Over the last few years discussions about mental health have had a meteoric rise in popular media, not just in the number of headlines highlighting people sharing their experiences, but in the glamorous world of sport, and the idea of overcoming barriers to succeed. There has already been a huge amount of research regarding the positive impact of physical activity on health and wellbeing, and more recently the spotlight has shifted onto the benefits of taking part in something that is rich in its ability to generate endorphins!
As race season fast approaches it’s easy to get caught up in the negative spiral of I’m not fit enough! I’m not fast enough! Why are they improving more than I am? I’m injured again! And it is even easier to forget why we started. For most people you started because you needed or wanted a challenge, you had a weight loss goal, a time goal, or a complete or compete goal. But for some of us, we need something to take our mind away from other things - we need psychological first aid. This is the beauty of Triathlon and being part of a club which welcomes, celebrates, and embraces diversity of shape, size, speed, and fitness.

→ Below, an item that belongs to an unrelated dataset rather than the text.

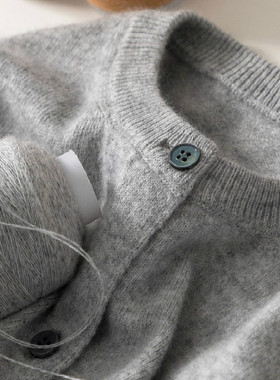 气质爆棚！定制2023秋冬新款羊绒开衫女圆领男短款毛衣外套宽松潮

Have you ever noticed that the person who crosses the finish line last is the person who often gets the biggest cheer? Because that’s what happens at the club races we hold over the summer series. We all look in awe at the person who finishes first, has the fastest swim, bike or run split, stands on the podium and pushes themselves in ways you thought were not possible. That person - whilst often at the peak of their physical fitness - is no different to the person swimming their first 25m at a club session, or running their first mile without stopping, or receiving the biggest cheer for finishing their first race. Everyone is challenging themselves in different ways, everyone has an internal battle to be better than they were before.
For some of us it isn’t about being fast, to look fit, or to be the first across the line – sometimes it’s about empowering yourself, to prove that you are strong enough to get out and give it a tri, to be part of a group of like-minded people, to release you from the norm and the noise.
The façade of triathlon is a group of people who defy logic, have a strange way of spending weekends, and leave a wake of eau de chlorine for much of the winter, but the truth is we are all just a group of really brave people fighting a battle of physical and mental proportions, and pushing ourselves to be better than we were yesterday (with an arguably unhealthy obsession with Lycra). Whether your mile is 5 minutes or 15 minutes, never forget why you started. When you have a bad day, a bad session, or can’t hit your PB, think back to that brave person who had the courage to give it a try in the first place and embrace the fact that you can.
As a club, we embrace the rough and the smooth of taking part in sport. I am immensely proud to be part of a club that promotes a welcoming and encouraging atmosphere to every single person who joins a session, whether they are at the pinnacle of the sport or ‘tri-ing’ it for the first time. It’s mental health awareness week, and as a club we should do our part to tackle the stigma surrounding mental health. The ethos we have is a huge part of that.
Go forth and don lycra. Train because you can. And never forget why you started.